Trying to decide what mapping chip to purchase for a Humminbird 959. Navionics Hotmaps looks really good but I also hear great things about the Lakemaster chips. Mostly fish Livingston but also do Toledo bend and Falcon. I will admit to being clueless on this subject, so any advice would be much appreciated.


----------



## CmackR56 (May 30, 2009)

Ok, I know, I know. The search feature is my friend. So after searching, I found the general preference was Navionics. That being said, which particular Navionics chip? Hotmaps premium, Hotmaps Gold or Hotmaps Platinum?


----------



## RedXCross (Aug 7, 2005)

Lakemaster all day everyday for me in my H-Bird.


----------



## big D. (Apr 10, 2010)

If you fish Livingston mostly then go with the Navionics. I like both, but I tried them side by side in my bird this year on Livingston and the Navionics won. Lakemaster does not offer Livingston in HD, so you lose the detail that Navionics offers for Livingston. Do you have or plan to get the I-link for an I-pilot Trolling motor? If so, then you might want the Lakemaster.


----------



## RedXCross (Aug 7, 2005)

That makes sense , Because I mainly Fish Toledo Bend and I can tell you without a doubt Lake master , Livingston , I have no Idea.



RedXCross said:


> Lakemaster all day everyday for me in my H-Bird.


----------



## CoreyStanley (Dec 2, 2014)

Check out the Navionics web app and compare the data for yourself. It will show you all of the available data for your lakes, just select which card to the left, if you select the Platinum or the Nav+ chips, be sure to toggle the button in the bottom left corner. This will turn the Sonar Charts layer on, which is the user recordings that have been gathered to improve the mapping.

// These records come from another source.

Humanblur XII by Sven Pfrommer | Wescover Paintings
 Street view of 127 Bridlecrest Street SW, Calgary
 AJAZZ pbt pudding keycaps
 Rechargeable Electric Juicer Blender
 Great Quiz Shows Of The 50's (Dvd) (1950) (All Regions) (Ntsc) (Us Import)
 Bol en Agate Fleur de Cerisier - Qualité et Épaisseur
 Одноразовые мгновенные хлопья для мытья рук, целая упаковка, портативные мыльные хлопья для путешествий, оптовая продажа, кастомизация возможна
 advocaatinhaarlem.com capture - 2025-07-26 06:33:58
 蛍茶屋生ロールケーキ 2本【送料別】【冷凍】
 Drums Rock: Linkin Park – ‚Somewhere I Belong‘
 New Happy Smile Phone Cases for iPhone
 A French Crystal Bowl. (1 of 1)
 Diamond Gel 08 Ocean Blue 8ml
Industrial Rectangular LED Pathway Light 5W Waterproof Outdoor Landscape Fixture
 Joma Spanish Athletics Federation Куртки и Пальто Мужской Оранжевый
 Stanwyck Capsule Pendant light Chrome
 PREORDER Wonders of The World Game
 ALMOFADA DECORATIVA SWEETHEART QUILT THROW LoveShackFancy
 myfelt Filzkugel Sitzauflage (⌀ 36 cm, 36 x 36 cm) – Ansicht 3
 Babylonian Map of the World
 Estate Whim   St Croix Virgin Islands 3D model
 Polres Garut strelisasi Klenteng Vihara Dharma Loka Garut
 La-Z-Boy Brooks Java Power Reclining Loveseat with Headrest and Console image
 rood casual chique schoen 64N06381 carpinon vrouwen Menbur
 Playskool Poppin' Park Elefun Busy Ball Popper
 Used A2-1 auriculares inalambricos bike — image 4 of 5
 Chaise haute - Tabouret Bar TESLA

http://webapp.navionics.com/?lang=en

There are quiet a few areas, esp on Toledo Bend that the Sonar Charts layer makes a huge difference. Check out the Sandy Creek Flats area and the mouth of Six Mile for a couple of examples.


----------



## CmackR56 (May 30, 2009)

Thanks everyone, the Navionics webapp is sweet. I wish Lakemaster had something comparable. Lakemaster doesn't have Livingston in high definition, but Tbend is my secondary lake and Lakemaster does cover that in HD. Still trying to figure out which Navionics would be suitable. Kinda leaning towards Hotmaps Platinum.


----------



## CoreyStanley (Dec 2, 2014)

You def want the Platinum or the Nav+, those are the 2 cards that provide the Sonar Charts layer, which is the info gained when you toggle the button on the bottom left on the app.


----------